------ Records provided ------
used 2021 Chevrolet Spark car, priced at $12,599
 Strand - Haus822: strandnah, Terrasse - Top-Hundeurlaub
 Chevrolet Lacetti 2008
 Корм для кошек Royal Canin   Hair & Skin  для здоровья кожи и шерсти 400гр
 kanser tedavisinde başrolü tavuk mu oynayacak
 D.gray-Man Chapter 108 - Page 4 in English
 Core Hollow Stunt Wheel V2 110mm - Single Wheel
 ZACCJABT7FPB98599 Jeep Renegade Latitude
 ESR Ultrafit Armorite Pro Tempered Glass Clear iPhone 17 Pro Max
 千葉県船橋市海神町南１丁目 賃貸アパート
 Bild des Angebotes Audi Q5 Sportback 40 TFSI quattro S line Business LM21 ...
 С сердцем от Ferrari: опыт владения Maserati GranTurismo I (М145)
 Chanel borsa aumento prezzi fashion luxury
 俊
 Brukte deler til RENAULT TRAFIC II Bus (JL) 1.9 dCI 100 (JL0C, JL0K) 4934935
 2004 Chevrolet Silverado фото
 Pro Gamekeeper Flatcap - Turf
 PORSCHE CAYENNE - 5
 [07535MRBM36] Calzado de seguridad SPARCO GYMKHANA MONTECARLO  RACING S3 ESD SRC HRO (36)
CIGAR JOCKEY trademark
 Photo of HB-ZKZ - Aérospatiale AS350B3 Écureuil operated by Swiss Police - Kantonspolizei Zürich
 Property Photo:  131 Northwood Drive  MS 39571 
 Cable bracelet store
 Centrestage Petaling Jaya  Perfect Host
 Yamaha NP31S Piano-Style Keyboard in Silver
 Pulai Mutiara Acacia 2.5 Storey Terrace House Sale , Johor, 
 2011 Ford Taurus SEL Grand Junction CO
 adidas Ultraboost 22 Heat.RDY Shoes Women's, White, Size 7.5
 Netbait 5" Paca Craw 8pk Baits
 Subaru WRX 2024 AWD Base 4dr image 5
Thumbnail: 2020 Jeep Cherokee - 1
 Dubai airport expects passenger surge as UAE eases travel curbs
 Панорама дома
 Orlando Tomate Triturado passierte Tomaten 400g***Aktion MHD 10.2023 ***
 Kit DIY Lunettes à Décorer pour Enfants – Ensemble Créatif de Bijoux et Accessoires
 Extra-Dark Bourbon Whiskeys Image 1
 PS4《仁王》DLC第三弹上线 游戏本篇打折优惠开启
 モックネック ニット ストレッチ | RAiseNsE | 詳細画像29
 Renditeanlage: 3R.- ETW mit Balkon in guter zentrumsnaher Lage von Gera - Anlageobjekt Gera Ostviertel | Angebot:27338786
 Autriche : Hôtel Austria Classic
------
> **Instructions to follow**: Nothing but lines that contain "Jeep" should appear in the answer. Copy each from the records.

> **Solution to the problem**:
 ZACCJABT7FPB98599 Jeep Renegade Latitude
Thumbnail: 2020 Jeep Cherokee - 1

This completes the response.